Records from a dataset
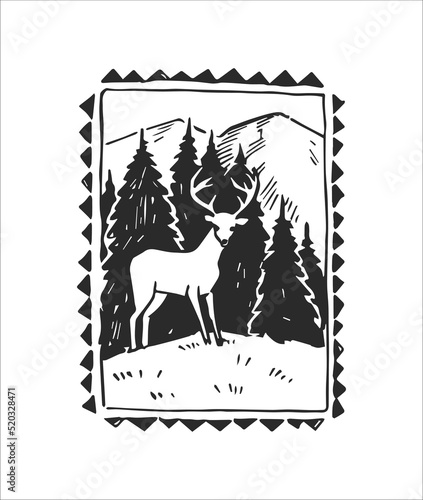 Vector illustration with deer on the background on the forest. Hand drawn sketch with wild nature view with animal.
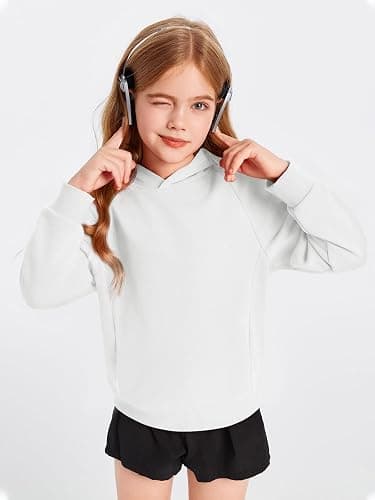 Meikulo Girls' Hoodies Sweatshirts Long Sleeve Casual Lightweight Pullover Tops with Pockets 4-15 Years thumbnail 2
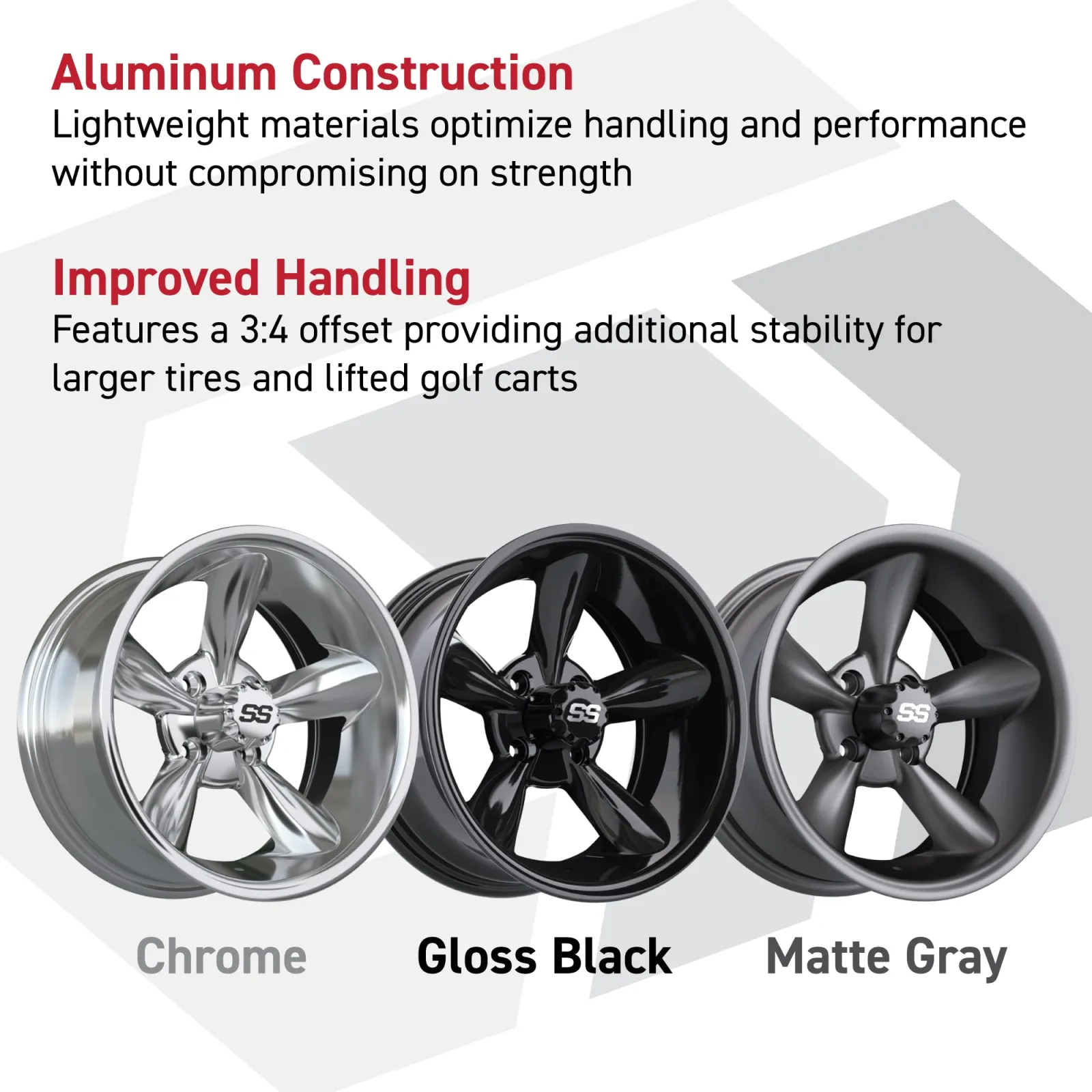 GTW 10x7 in Aluminum Golf Cart Wheel Matte Gray — 19-238 (Set of 4) image 2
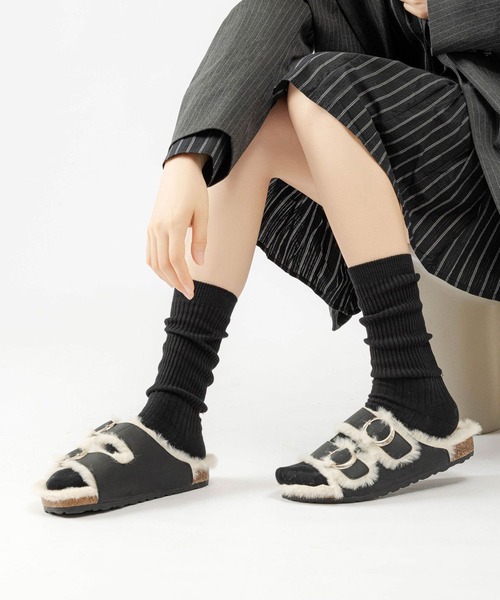 IRADOWL（アイラドール）の「ルーズリブソックス（ソックス/靴下・レディース・ダークグレー/アイボリー/ブラック/ダークブラウン・FREE）」の15枚目の写真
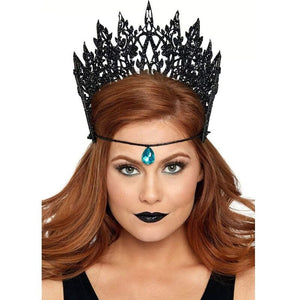Leg Avenue – Couronne avec paillettes et bijoux noir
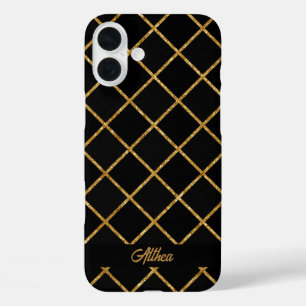 Eleganter Black and Gold Diamond iPhone 16 Plus Hülle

#### TASK BRIEF
Output the data above in full and exactly, with every image left out.

#### TASK OUTPUT
 Vector illustration with deer on the background on the forest. Hand drawn sketch with wild nature view with animal.
 Meikulo Girls' Hoodies Sweatshirts Long Sleeve Casual Lightweight Pullover Tops with Pockets 4-15 Years thumbnail 2
 GTW 10x7 in Aluminum Golf Cart Wheel Matte Gray — 19-238 (Set of 4) image 2
 IRADOWL（アイラドール）の「ルーズリブソックス（ソックス/靴下・レディース・ダークグレー/アイボリー/ブラック/ダークブラウン・FREE）」の15枚目の写真
Leg Avenue – Couronne avec paillettes et bijoux noir
 Eleganter Black and Gold Diamond iPhone 16 Plus Hülle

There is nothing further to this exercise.